### TASK TO COMPLETE
Images in the data are to be skipped, while every line is restated exactly as written.

### GIVEN MATERIAL
=== Section Start ===

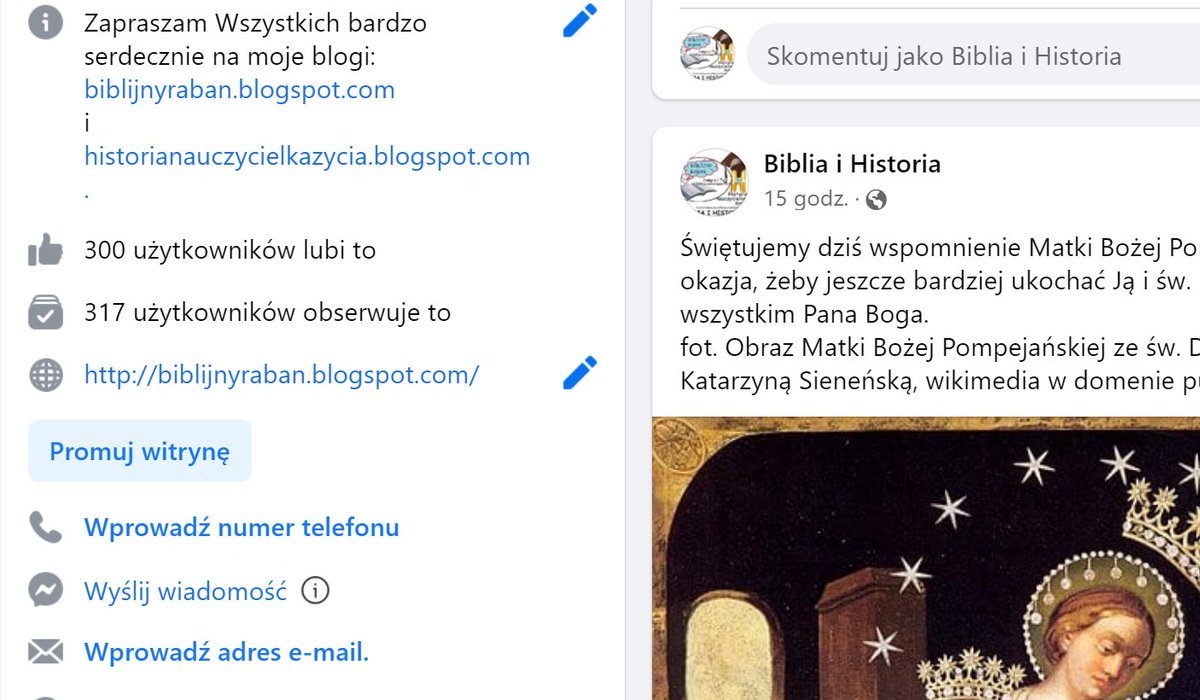 Biblia_Hist's tweet photo. Chwała Panu Bogu!
Jestem wdzięczny za to, że na Facebooku są już 302 osoby, a nawet więcej, którzy spotykamy się i pochylamy nad Biblią i kwestiami historycznymi. Również i Was z Twittera zapraszam także tam :) Będziecie wtedy i tu, i tam :)
#blog #blogowanie #Biblia #Historia https://t.co/845RG56HqN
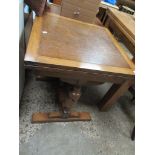 SMALL EXTENDING REFECTORY STYLE TABLE, APPROX 61CM SQUARE FOLDED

=== Section End ===

### ANSWER SECTION
 Biblia_Hist's tweet photo. Chwała Panu Bogu!
Jestem wdzięczny za to, że na Facebooku są już 302 osoby, a nawet więcej, którzy spotykamy się i pochylamy nad Biblią i kwestiami historycznymi. Również i Was z Twittera zapraszam także tam :) Będziecie wtedy i tu, i tam :)
#blog #blogowanie #Biblia #Historia https://t.co/845RG56HqN
 SMALL EXTENDING REFECTORY STYLE TABLE, APPROX 61CM SQUARE FOLDED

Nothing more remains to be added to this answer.